| Records shown |
= Beginning of Section =
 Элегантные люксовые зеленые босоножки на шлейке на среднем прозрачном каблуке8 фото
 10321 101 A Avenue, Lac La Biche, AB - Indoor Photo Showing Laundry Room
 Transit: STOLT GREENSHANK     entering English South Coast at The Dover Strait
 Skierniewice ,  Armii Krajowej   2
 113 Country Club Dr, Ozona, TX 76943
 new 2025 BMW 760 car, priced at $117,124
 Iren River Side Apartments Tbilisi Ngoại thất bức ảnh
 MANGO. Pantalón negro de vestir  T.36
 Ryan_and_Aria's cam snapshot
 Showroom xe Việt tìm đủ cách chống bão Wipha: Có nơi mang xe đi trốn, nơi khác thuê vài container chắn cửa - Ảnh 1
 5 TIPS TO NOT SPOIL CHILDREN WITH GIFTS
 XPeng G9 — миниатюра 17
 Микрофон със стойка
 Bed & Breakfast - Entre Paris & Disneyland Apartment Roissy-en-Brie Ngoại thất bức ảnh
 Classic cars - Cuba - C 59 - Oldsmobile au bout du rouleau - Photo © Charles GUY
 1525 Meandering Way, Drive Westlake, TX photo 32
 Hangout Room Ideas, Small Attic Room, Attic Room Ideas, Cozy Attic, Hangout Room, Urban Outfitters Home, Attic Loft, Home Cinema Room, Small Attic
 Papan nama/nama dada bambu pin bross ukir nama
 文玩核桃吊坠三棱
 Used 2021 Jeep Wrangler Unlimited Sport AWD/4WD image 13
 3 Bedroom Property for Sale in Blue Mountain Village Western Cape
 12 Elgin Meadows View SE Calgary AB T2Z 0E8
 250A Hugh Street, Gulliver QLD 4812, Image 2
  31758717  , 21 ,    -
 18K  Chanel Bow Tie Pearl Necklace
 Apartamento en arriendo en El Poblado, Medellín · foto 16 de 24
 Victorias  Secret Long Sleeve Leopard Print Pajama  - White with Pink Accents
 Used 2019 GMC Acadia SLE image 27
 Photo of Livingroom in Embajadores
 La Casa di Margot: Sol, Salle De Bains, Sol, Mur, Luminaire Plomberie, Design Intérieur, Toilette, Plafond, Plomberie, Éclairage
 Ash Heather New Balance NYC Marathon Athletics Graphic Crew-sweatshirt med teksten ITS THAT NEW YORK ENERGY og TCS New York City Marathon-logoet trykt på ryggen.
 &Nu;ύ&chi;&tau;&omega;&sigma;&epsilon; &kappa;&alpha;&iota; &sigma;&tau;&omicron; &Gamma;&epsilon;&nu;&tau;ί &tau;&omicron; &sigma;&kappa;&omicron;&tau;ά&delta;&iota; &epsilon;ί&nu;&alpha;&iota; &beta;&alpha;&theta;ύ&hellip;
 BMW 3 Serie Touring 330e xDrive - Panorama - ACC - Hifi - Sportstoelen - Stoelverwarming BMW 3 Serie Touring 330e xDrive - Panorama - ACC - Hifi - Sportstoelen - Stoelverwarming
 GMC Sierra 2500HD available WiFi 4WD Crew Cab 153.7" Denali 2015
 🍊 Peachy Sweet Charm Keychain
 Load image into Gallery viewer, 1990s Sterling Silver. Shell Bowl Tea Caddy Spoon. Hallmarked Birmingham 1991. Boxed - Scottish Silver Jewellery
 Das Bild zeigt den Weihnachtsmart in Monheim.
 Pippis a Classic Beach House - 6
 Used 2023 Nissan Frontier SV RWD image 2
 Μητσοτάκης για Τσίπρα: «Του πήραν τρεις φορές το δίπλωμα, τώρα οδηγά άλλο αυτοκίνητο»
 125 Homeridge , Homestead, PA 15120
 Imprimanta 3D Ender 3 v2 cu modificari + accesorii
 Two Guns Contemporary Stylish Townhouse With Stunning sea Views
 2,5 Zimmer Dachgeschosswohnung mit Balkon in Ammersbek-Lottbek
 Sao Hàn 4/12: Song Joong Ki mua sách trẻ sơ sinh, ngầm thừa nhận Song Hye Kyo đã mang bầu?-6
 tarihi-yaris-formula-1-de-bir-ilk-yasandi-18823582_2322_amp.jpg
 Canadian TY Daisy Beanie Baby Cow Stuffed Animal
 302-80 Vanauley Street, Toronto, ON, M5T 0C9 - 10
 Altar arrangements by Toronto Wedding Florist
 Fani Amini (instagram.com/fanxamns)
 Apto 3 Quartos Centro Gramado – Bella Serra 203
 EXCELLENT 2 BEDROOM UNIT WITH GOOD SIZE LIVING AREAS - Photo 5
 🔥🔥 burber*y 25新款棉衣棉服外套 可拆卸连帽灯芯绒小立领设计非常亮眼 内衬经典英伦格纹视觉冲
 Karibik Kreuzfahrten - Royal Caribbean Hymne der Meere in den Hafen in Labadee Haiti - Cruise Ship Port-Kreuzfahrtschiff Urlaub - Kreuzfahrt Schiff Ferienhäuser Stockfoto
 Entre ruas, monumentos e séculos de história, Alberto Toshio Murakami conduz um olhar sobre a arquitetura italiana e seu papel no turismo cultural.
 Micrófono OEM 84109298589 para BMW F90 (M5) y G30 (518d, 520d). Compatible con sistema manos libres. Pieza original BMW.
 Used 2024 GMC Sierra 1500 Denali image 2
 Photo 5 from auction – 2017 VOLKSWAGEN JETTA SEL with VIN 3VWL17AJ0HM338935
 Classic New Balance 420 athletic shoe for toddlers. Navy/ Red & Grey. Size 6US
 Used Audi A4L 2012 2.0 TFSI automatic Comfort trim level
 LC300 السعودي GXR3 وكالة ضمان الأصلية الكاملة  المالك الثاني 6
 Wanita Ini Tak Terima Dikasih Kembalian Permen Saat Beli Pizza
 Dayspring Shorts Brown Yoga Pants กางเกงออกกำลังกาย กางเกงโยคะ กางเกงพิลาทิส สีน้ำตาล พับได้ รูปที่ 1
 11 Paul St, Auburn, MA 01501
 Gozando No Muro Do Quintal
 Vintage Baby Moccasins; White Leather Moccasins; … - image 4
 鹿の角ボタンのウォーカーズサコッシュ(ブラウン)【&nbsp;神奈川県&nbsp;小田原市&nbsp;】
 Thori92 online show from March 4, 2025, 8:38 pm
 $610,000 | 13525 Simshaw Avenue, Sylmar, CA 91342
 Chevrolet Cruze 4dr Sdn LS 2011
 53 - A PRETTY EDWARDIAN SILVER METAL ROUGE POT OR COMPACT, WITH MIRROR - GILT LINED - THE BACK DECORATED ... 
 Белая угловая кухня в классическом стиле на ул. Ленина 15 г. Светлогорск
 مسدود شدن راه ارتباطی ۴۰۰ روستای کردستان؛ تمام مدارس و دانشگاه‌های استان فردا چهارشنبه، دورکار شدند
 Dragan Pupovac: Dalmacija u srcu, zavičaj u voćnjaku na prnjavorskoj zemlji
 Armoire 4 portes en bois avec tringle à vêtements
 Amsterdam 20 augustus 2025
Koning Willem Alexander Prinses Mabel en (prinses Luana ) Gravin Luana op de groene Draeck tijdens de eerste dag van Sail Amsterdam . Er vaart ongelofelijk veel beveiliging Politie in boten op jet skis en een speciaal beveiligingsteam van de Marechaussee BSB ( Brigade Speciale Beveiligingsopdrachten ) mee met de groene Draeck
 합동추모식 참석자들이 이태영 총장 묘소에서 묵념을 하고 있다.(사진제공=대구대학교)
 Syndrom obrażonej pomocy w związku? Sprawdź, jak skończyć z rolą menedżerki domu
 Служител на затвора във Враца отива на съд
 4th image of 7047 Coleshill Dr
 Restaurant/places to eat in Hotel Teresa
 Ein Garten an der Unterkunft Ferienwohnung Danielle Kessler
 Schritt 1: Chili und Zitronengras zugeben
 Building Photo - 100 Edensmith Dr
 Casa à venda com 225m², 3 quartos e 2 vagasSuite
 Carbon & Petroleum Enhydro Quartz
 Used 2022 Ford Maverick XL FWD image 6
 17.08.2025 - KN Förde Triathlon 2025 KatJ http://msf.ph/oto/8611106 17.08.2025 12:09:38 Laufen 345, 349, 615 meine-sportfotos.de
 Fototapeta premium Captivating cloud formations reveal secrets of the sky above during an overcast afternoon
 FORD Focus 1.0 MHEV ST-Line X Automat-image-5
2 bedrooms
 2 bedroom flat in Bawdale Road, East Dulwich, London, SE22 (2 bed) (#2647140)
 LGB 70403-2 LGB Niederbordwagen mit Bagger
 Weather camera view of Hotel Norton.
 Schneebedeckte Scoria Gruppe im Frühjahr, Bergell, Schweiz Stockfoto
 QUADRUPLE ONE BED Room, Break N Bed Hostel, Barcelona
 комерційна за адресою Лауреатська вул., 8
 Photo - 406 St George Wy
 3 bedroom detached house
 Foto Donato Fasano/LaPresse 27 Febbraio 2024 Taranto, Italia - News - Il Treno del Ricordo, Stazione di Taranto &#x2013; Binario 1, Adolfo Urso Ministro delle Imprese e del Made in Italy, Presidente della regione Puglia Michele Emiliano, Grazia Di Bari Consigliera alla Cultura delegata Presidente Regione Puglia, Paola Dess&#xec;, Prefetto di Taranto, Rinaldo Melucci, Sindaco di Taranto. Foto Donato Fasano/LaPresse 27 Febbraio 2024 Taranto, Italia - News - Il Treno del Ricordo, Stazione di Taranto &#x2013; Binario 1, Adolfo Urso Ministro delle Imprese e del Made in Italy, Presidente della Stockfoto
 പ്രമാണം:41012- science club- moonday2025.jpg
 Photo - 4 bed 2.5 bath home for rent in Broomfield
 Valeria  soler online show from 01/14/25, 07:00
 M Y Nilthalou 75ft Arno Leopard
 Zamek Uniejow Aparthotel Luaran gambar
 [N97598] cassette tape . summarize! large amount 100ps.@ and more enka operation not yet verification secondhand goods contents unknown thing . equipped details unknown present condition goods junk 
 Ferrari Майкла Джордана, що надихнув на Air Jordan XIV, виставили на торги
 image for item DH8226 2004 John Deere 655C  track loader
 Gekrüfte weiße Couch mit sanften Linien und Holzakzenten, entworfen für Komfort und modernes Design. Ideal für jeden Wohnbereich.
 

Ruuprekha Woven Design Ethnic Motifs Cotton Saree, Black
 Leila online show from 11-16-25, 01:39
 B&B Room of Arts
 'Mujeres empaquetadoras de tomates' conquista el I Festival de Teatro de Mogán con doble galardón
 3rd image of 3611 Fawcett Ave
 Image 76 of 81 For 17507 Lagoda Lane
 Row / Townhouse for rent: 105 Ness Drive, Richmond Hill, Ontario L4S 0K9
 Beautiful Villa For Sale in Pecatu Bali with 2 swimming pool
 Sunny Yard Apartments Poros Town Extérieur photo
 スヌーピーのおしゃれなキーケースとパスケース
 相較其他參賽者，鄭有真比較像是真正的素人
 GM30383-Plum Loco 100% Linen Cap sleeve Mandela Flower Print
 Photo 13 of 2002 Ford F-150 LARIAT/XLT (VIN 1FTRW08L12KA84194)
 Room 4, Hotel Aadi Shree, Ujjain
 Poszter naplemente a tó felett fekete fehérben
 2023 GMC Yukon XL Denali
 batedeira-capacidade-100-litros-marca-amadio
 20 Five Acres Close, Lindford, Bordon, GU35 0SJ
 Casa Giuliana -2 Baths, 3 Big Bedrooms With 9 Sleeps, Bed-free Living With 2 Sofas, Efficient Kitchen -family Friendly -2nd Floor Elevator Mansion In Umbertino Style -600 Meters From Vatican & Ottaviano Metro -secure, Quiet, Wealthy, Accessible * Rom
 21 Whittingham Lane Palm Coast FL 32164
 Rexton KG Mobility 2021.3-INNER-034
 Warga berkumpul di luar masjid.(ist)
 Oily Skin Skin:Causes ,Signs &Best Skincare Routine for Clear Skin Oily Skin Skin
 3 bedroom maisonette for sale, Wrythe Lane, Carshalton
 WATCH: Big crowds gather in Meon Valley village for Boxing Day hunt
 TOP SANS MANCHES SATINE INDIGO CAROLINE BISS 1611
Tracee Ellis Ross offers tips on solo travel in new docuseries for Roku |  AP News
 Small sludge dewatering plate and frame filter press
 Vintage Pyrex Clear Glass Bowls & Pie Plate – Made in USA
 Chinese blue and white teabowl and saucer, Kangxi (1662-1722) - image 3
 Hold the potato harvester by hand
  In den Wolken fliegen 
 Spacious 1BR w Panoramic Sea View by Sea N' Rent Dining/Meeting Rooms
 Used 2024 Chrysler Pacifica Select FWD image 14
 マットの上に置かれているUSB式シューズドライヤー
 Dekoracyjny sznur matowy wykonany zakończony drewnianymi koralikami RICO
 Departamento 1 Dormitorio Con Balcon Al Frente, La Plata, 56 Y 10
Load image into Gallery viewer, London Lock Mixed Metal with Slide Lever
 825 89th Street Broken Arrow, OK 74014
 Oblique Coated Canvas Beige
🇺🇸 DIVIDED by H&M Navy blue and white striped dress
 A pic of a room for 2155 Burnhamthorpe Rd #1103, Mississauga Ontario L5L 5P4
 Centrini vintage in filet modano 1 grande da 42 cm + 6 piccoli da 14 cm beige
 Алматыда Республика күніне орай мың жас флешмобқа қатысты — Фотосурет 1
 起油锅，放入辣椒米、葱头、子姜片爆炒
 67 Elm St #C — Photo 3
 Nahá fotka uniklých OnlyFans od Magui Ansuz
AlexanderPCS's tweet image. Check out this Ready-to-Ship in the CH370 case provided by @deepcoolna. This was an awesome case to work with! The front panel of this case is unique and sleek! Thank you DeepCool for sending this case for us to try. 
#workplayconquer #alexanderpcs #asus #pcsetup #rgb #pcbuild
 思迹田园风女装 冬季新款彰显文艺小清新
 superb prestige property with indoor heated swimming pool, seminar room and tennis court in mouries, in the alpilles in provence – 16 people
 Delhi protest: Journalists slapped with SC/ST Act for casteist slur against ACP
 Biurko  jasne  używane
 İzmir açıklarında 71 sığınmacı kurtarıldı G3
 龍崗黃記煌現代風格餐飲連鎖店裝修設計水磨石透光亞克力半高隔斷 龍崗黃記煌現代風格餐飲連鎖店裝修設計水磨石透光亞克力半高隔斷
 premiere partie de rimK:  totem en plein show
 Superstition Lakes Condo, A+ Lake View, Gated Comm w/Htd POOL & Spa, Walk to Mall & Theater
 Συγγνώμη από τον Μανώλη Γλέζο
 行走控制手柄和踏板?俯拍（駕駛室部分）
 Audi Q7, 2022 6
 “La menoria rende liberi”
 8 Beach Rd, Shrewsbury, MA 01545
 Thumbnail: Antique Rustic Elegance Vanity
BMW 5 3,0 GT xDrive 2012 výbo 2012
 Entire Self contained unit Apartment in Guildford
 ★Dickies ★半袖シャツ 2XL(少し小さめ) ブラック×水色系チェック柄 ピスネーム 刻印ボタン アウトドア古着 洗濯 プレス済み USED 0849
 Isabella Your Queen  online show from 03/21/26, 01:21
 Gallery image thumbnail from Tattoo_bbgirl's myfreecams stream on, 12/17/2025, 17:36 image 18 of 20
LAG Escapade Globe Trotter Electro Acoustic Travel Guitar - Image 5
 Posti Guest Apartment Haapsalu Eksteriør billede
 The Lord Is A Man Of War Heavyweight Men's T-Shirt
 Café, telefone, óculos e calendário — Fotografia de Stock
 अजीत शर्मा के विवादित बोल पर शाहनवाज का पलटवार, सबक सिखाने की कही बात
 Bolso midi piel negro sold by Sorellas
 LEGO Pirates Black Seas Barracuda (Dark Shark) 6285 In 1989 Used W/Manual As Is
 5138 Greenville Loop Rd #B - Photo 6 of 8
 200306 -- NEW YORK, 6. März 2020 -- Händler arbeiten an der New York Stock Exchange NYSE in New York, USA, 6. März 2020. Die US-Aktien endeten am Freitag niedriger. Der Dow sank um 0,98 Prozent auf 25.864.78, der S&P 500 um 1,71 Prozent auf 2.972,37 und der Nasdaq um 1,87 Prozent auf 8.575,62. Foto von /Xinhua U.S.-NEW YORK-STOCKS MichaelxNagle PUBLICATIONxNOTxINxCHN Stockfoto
= End of Section =
| Exercise brief |
Note each line of the entries that has "Entre" in it, and copy those lines.

| Reply |
 Bed & Breakfast - Entre Paris & Disneyland Apartment Roissy-en-Brie Ngoại thất bức ảnh
 Entre ruas, monumentos e séculos de história, Alberto Toshio Murakami conduz um olhar sobre a arquitetura italiana e seu papel no turismo cultural.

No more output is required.